Forming a natural barrier between the Tamil plains and coastal Kerala and Karnataka, the Ghats (literally “steps”) soak up the bulk of the southwest monsoon, which drains east to the Bay of Bengal via the mighty Kaveri and Krishna river systems. The massive amount of rain that falls here between June and October (around 2.5m) allows for an incredible biodiversity. Nearly one-third of all of India’s flowering plants can be found in the dense evergreen and mixed deciduous forests cloaking the Ghats, while the woodland undergrowth supports the Subcontinent’s richest array of wildlife.

It was this abundance of game, and the cooler temperatures of the range’s high valleys and grasslands, that first attracted the sun-sick British, who were quick to see the economic potential of the temperate climate, fecund soil and plentiful rainfall. As the forests were felled to make way for tea plantations, and the region’s many tribal groups – among them the Todas – were forced deeper into the mountains, permanent hill-stations were established. Today, as in the days of the Raj, these continue to provide welcome escapes from the fierce summer heat for the middle-class Tamils, and foreign tourists, who can afford the break.

Much the best known of the hill-resorts – in fact better known, and more visited, than it deserves – is Udhagamandalam (formerly Ootacamund, and usually known just as “Ooty”), in the Nilgiris (from nila-giri, “blue mountains”). The ride up to Ooty on the miniature railway via Coonoor is fun, and the views breathtaking, but the town centre suffers from heavy traffic pollution and has little to offer. Further south and reached by a scenic switchback road, the other main hill station is Kodaikanal. The lovely walks around town provide views and fresh air in abundance, while the bustle of Indian tourists around the lake makes a pleasant change from life in the city.

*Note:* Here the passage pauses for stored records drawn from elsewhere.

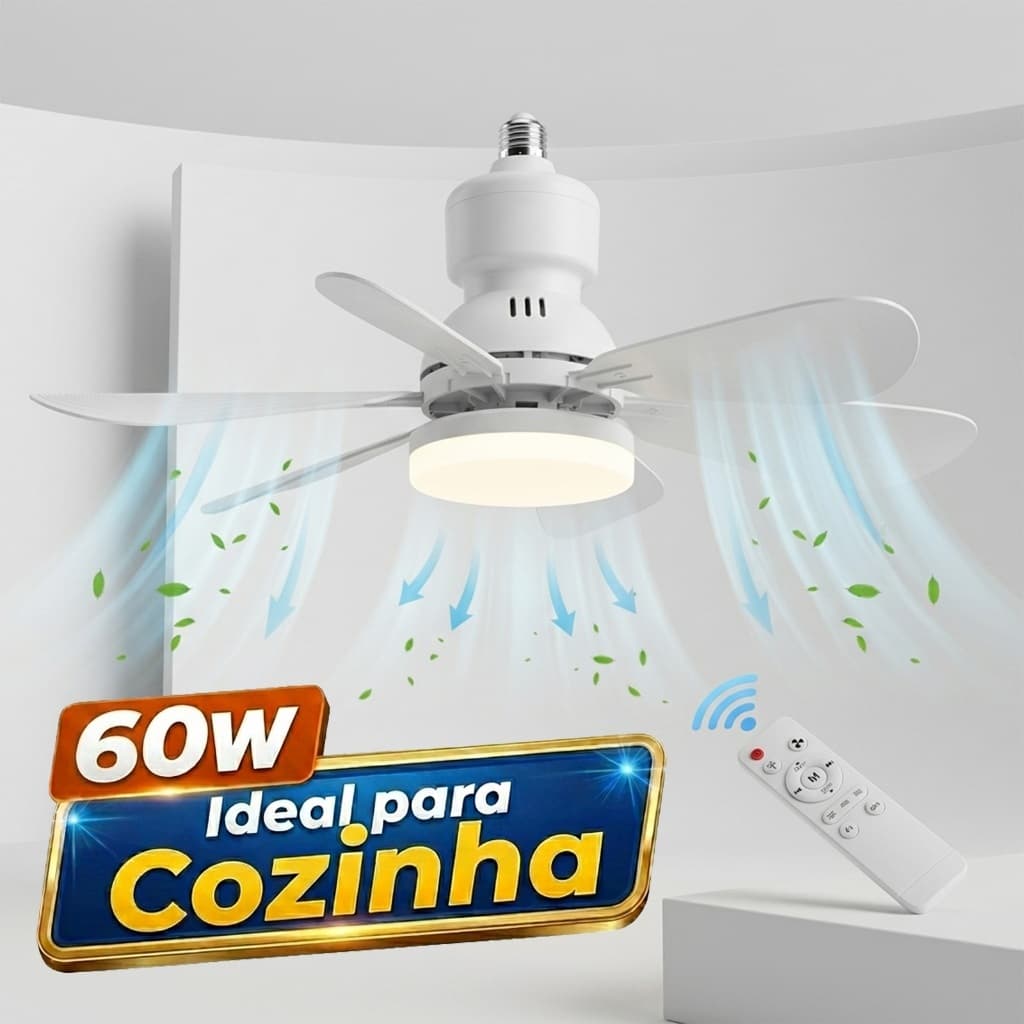 Lâmpada Com Ventilador De Teto Led 80W E27 Para Cozinha Achadinhos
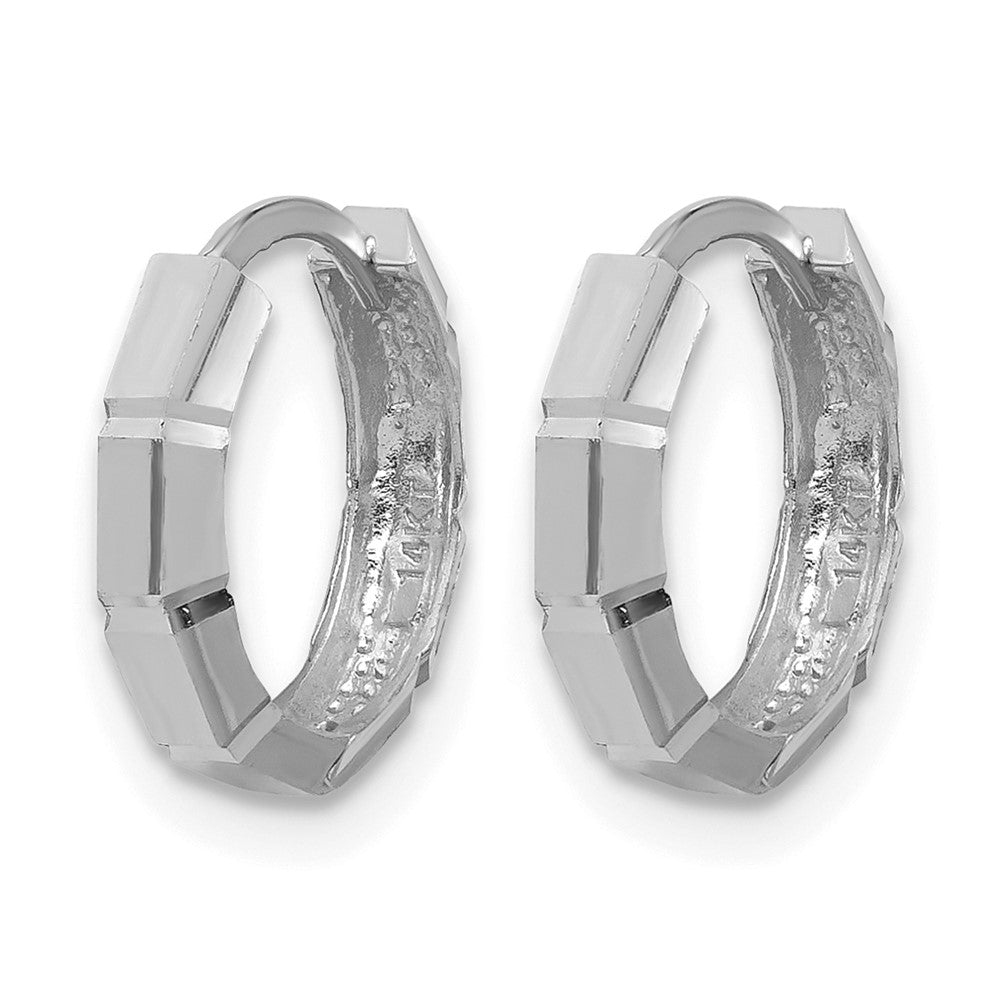 14K Weißgold Poliert/diamantiert Huggie Creolen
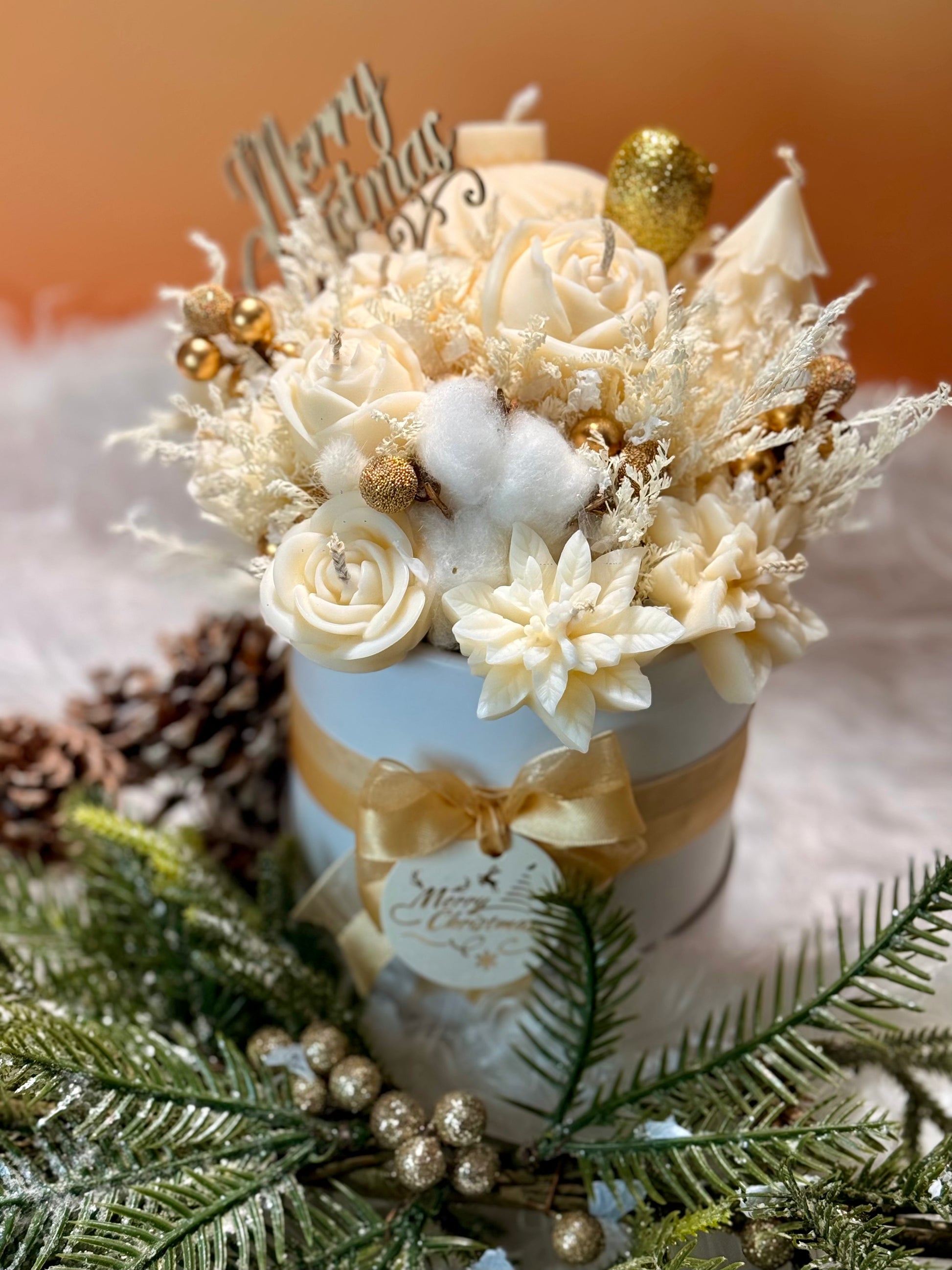 🎁 Bouquet Bougies de Noël – Collection Blanc & Or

The forest areas lining the state border harbour Tamil Nadu’s principal wildlife sanctuaries, Indira Gandhi and Mudumalai which comprise part of the vast Nilgiri Biosphere Reserve, the country’s most extensive tract of protected forest. Road building, illegal felling, hydroelectric projects and overgrazing have whittled away large parts of this huge wilderness area over the past two decades, but what’s left still constitutes home to an array of wildlife. The main route between Mysore and the cities of the Tamil plains wriggles through the Nilgiris, and you may well find yourself pausing for a night or two along the way. Whichever direction you’re travelling in, a stopover at the dull textile city of Coimbatore is hard to avoid.